__Data for this task__
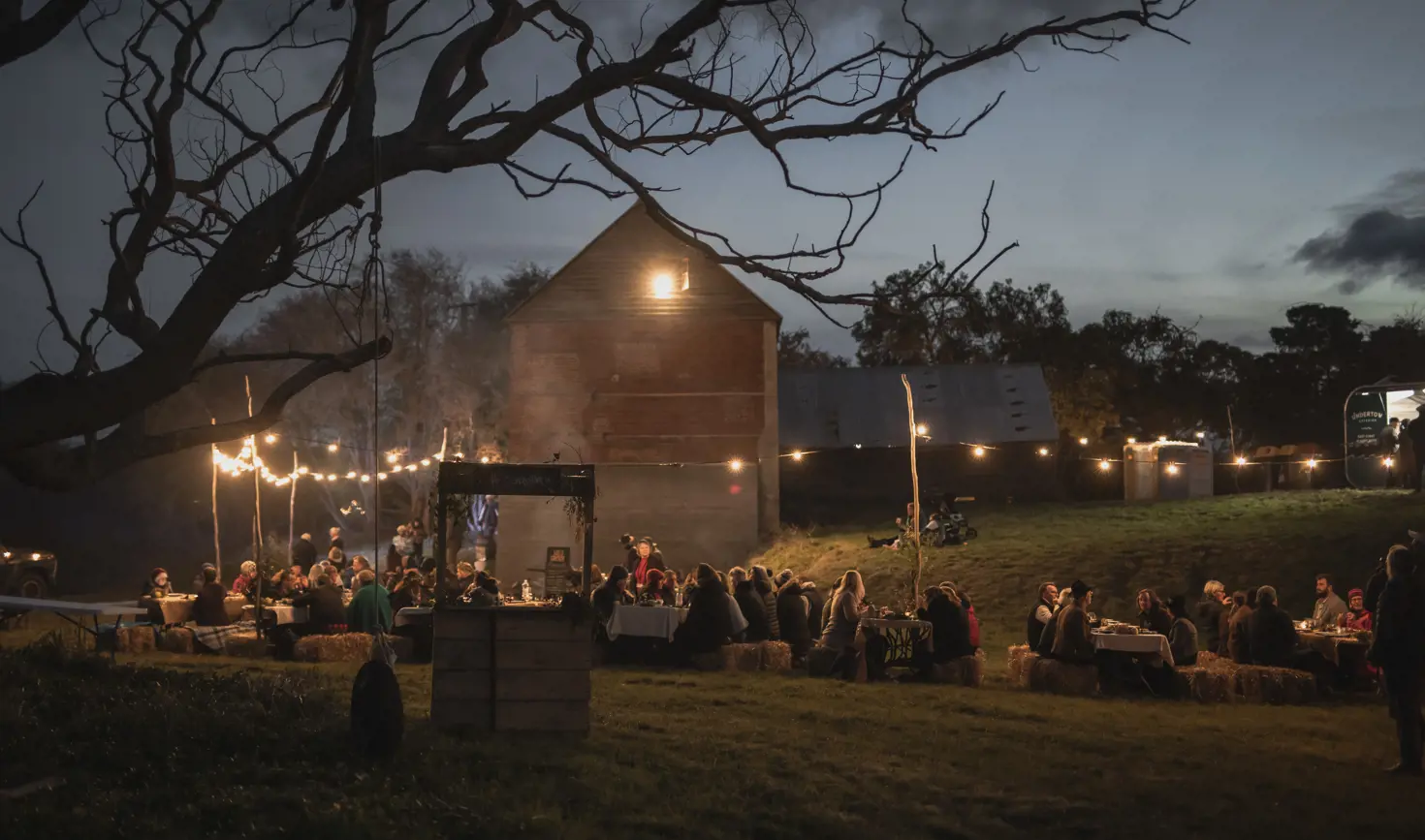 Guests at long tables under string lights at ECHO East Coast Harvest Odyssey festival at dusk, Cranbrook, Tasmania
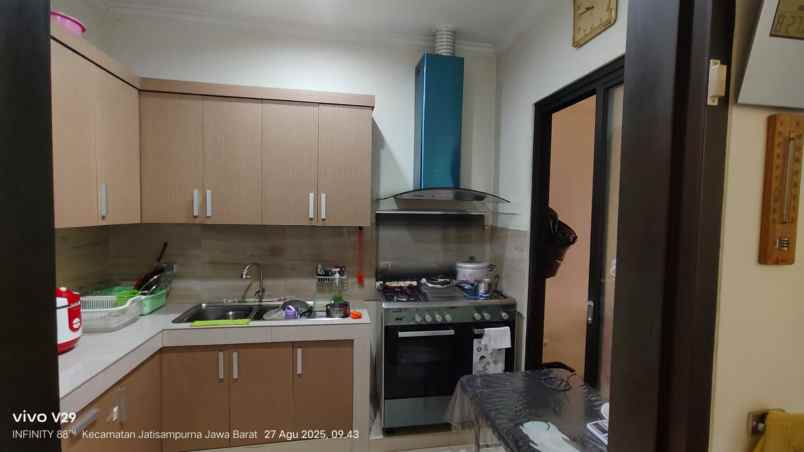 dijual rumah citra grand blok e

---

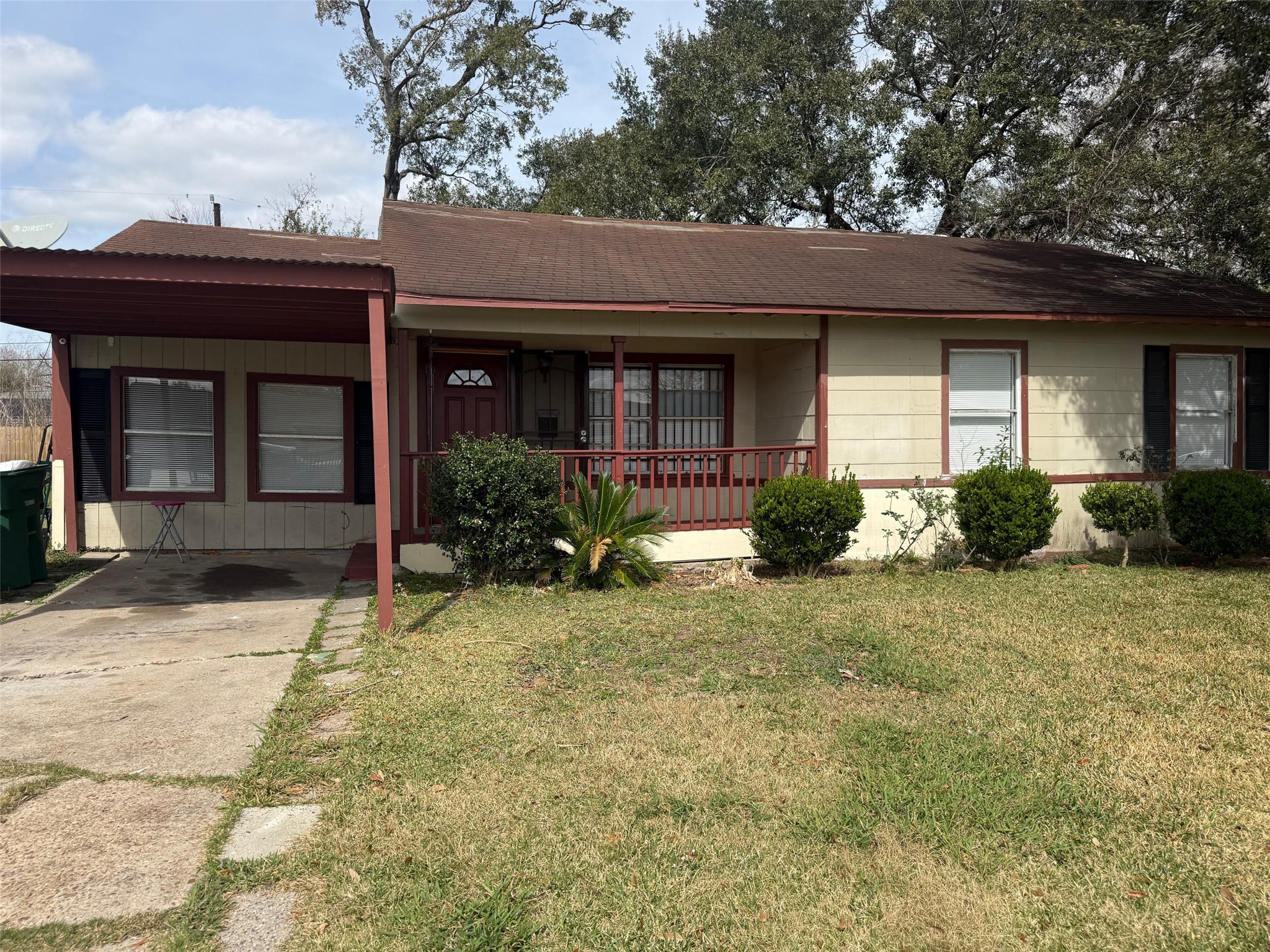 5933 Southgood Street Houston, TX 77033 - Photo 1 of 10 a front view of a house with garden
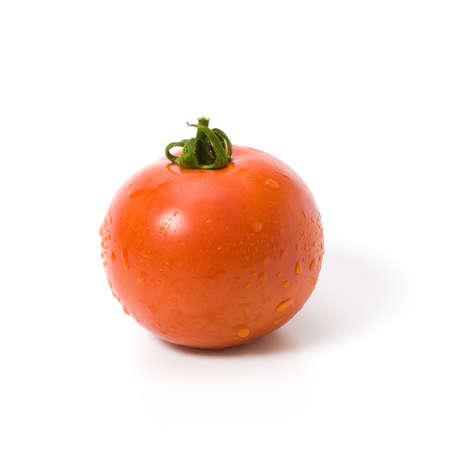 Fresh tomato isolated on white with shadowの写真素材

__Exercise description__
Look above for the line containing "Guests at long", then write out every line from there down to the line containing "dijual rumah citra grand blok e", that line included, with no pictures.

__Final answer__
 Guests at long tables under string lights at ECHO East Coast Harvest Odyssey festival at dusk, Cranbrook, Tasmania
 dijual rumah citra grand blok e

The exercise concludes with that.